Although there is limited evidence to support the efficacy of non-pharmacological interventions for DRP, some results suggest that the interventions are effective if implemented in a person-centered manner [179]. This approach takes into consideration the person and ensures that the intervention is tailored to them based on their previous experiences, previous and current interests, and current needs and disease stage [179]. Non-pharmacological interventions should continue to be utilized for DRP, and further research should be conducted across all approaches to better understand their ability to treat these symptoms. In particular, more RCTs should be performed on larger samples, including an active control group, and specifically targeting DRP. Since psychotic symptoms can occur intermittently, pre-post comparison of measurements collected at a single time should be avoided. Specific reliable and valid instruments to assess psychotic symptoms should be used, contrasting the reports of the patient and the partner and taking into account the stages of dementia. Neuroimaging correlates could also be useful to determine possible differences in the efficacy of the intervention. In addition, measuring external outcomes such as changes in psychotropic prescription or caregiver burden is also convenient. Finally, a tentative dynamic consensus on dose (i.e., frequency, duration, and/or intensity) and standardization of procedures for each of the non-pharmacological interventions is desirable to avoid excessive heterogeneity in RCT studies, and therefore, prevent future complications in the results comparison.


The need for pharmacological interventions to treat all psychotic symptoms in dementia is a matter of debate.

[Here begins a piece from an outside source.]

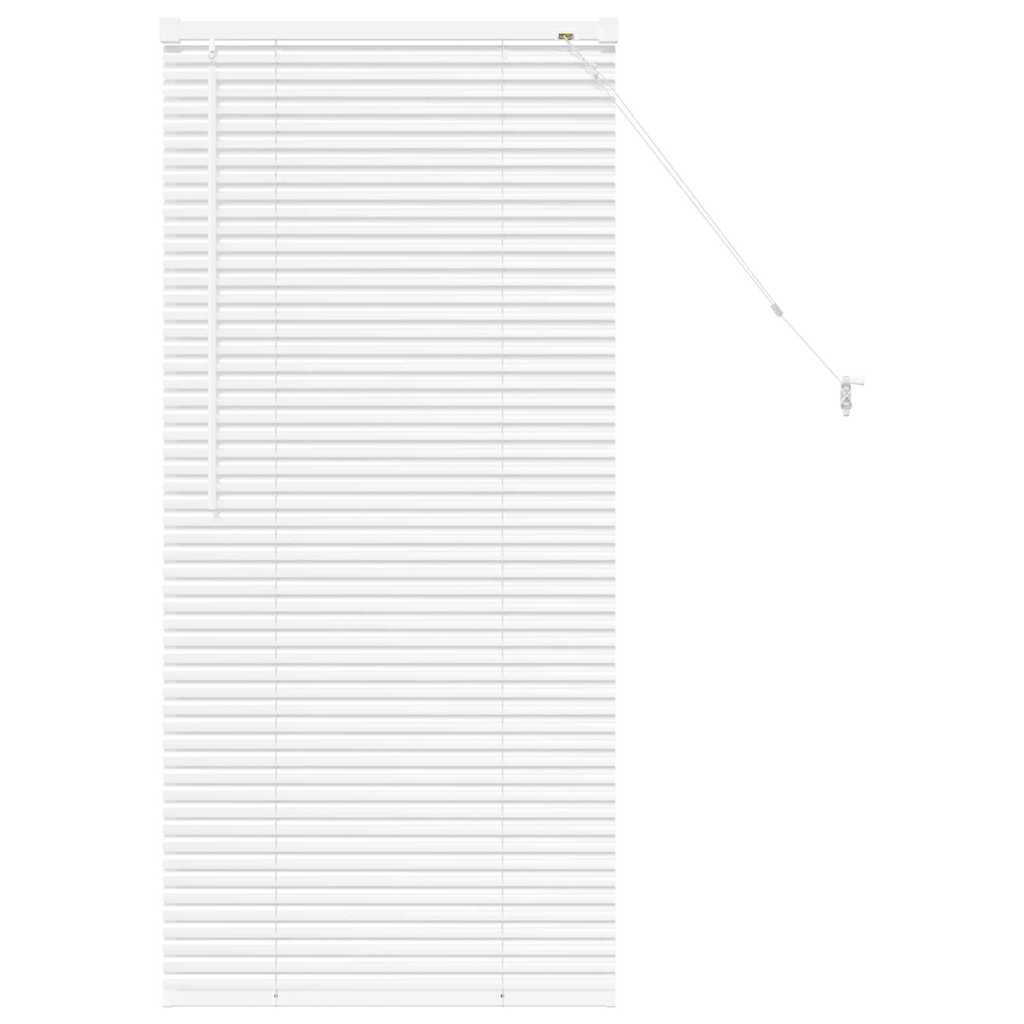 Venetian Blinds Height Adjustable White 130 x 60 cm Aluminium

Currently, antipsychotic medications in patients with dementia are recommended only in cases in which there is substantial risk for harm to self or others, and after all non- pharmacological measures have failed [180]. This approach is apparently justifiable in the case of minor hallucinations in PDD or DLB, to which patients are usually insightful, and which rarely lead to patient suffering or to behavioral changes. Nevertheless, early treatment of minor psychotic symptoms in PD has been suggested by some authors to attenuate psychiatric deterioration [181].

Despite the modest effect of pharmacological interventions [19] and the increased risk for side effects, morbidity, and mortality [20, 182–188], in practice, psychoactive medications are commonly used for the treatment of patients with dementia and psychosis, especially if clinical presentations are accompanied by additional behavioral disturbances such as agitation or aggression. For example, between 37.5–60% of patients with dementia in residential care facilities are usually prescribed antipsychotic medications, not only for genuine psychotic symptoms but also to control agitation, aggression, or severe sleep disturbances [189, 190]. Most notable is the use of typical (haloperidol, thioridazine) or atypical (risperidone, olanzapine, quetiapine, aripiprazole, clozapine, ziprasidone) antipsychotics with the latter being the preferred pharmacological treatment option [191].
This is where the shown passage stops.